Stored data entries:

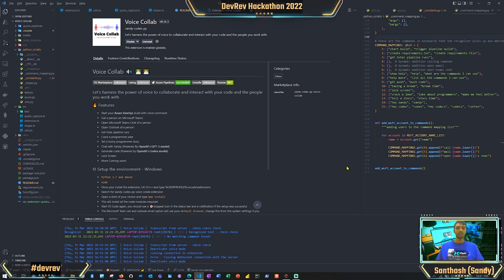This is basically a voice-oriented collaboration tool between the developer and other people. These are the features that have been implemented. You can also activate other commands - I'll show you where to add those. We have a PAT key from Azure DevOps, so you can trigger a pipeline build with your voice command, call a person on Teams, and chat with the GPT-3 model. We also have some code-generating models, storytelling, and joke features.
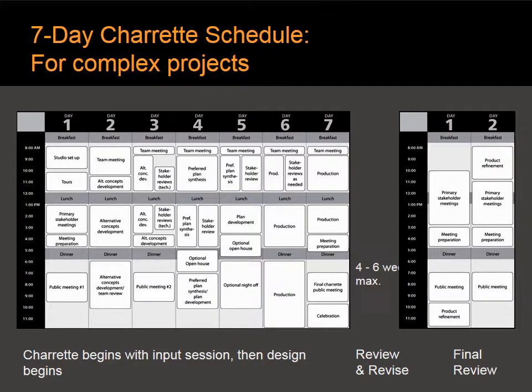This is for very complicated projects that are very political and very complex in their design nature. In this project format, as you see at the bottom, the charrette begins with the input session from the community, then design begins — working through alternative concepts, through preferred plan, to final plan and production. In this format, there are four to six weeks after the charrette with a review and revise session, followed by a return to the public with one or two days of meetings. This is for very complex projects.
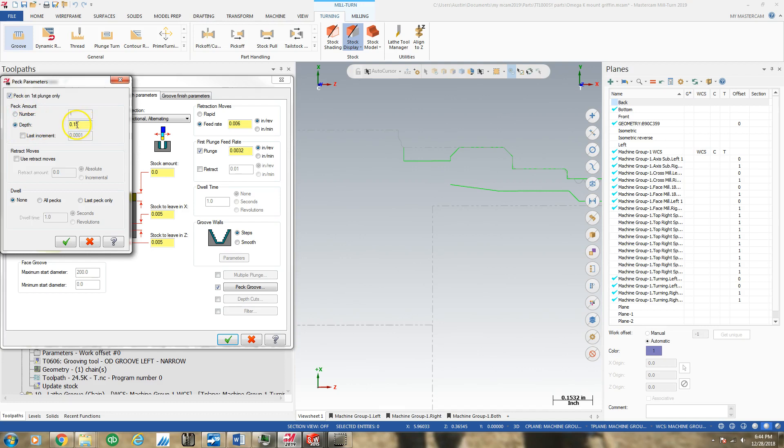The depth I want to pull is 30 thou, and I want to use retract moves of 0.06 thou to chip break. I had absolute on, and I'll show you this.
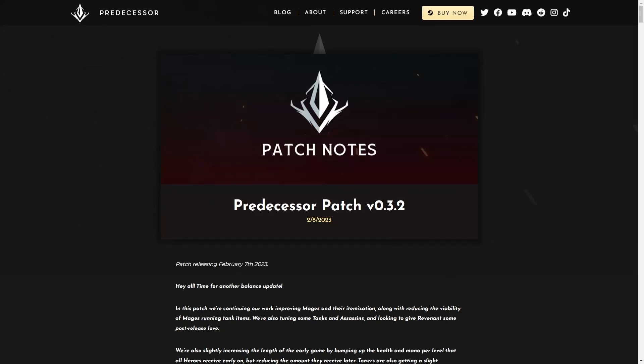What's going on everyone? Welcome back to another Predecessor video. Today we're going to be covering the patch notes for version 0.3.2. I am mostly just going to be covering the heroes in this patch as there is quite a list of hero changes. Nothing too crazy and frankly a lot of the meta hasn't changed too drastically, but I'll be discussing that vaguely as we go through the video.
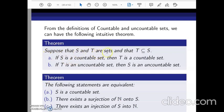The theorem states: suppose S and T are sets and T is a subset of S. Then if S is a countable set, then T is also a countable set; and if T is uncountable, then S is also uncountable. In brief: subsets of countable sets are always countable, and supersets of an uncountable set are always uncountable.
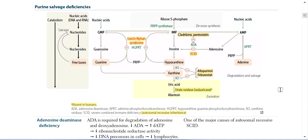Assalamu alaikum, welcome to Purine Salvage Pathway.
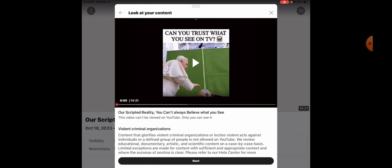You know, I've had hate speech and cyber bullying before. I've had medical misinformation, but I've never got a violent criminal organizations strike before.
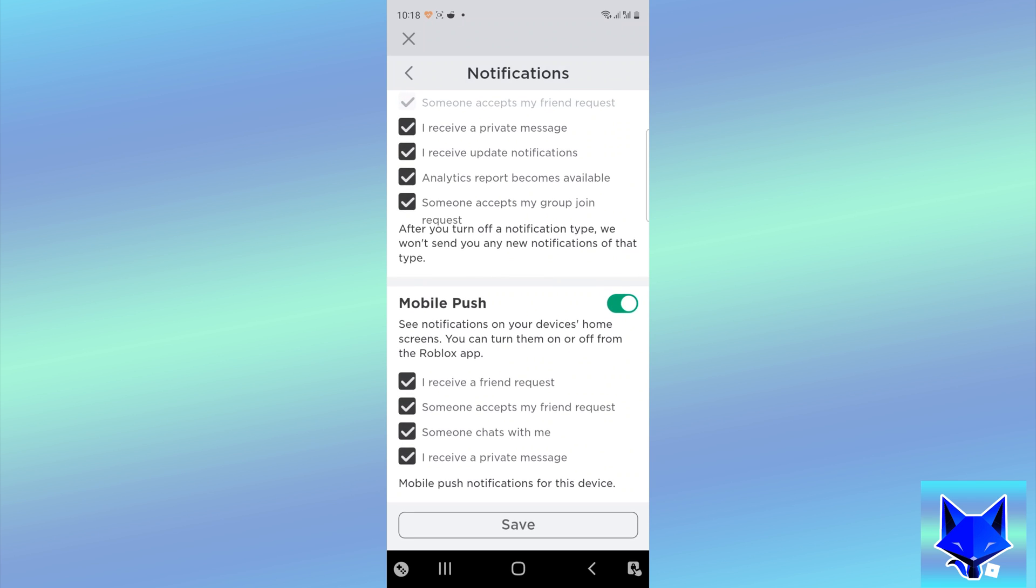Now select which type of notifications you want to receive and deselect the ones you don't. Then tap save.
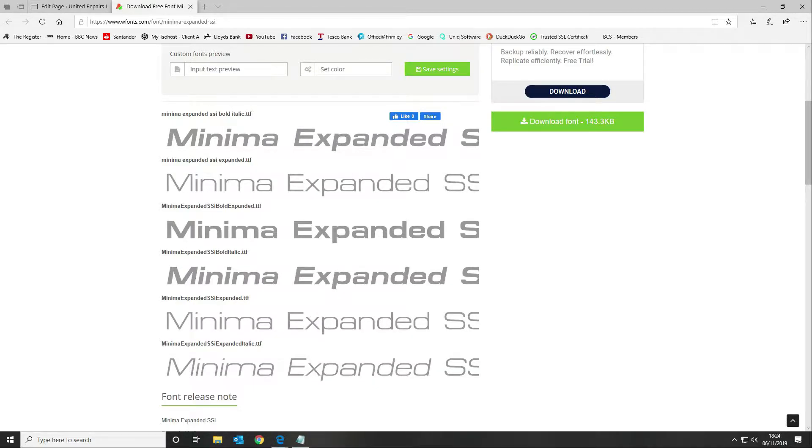Hi guys and welcome to another Divi tutorial. In this tutorial we are going to be using a custom font.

Work instructions:
Should the entries hold any pictures, please omit those and print the remaining text exactly.

Result for this exercise:
This is basically a voice-oriented collaboration tool between the developer and other people. These are the features that have been implemented. You can also activate other commands - I'll show you where to add those. We have a PAT key from Azure DevOps, so you can trigger a pipeline build with your voice command, call a person on Teams, and chat with the GPT-3 model. We also have some code-generating models, storytelling, and joke features.
This is for very complicated projects that are very political and very complex in their design nature. In this project format, as you see at the bottom, the charrette begins with the input session from the community, then design begins — working through alternative concepts, through preferred plan, to final plan and production. In this format, there are four to six weeks after the charrette with a review and revise session, followed by a return to the public with one or two days of meetings. This is for very complex projects.
The depth I want to pull is 30 thou, and I want to use retract moves of 0.06 thou to chip break. I had absolute on, and I'll show you this.
What's going on everyone? Welcome back to another Predecessor video. Today we're going to be covering the patch notes for version 0.3.2. I am mostly just going to be covering the heroes in this patch as there is quite a list of hero changes. Nothing too crazy and frankly a lot of the meta hasn't changed too drastically, but I'll be discussing that vaguely as we go through the video.
The theorem states: suppose S and T are sets and T is a subset of S. Then if S is a countable set, then T is also a countable set; and if T is uncountable, then S is also uncountable. In brief: subsets of countable sets are always countable, and supersets of an uncountable set are always uncountable.
Assalamu alaikum, welcome to Purine Salvage Pathway.
You know, I've had hate speech and cyber bullying before. I've had medical misinformation, but I've never got a violent criminal organizations strike before.
Now select which type of notifications you want to receive and deselect the ones you don't. Then tap save.
Hi guys and welcome to another Divi tutorial. In this tutorial we are going to be using a custom font.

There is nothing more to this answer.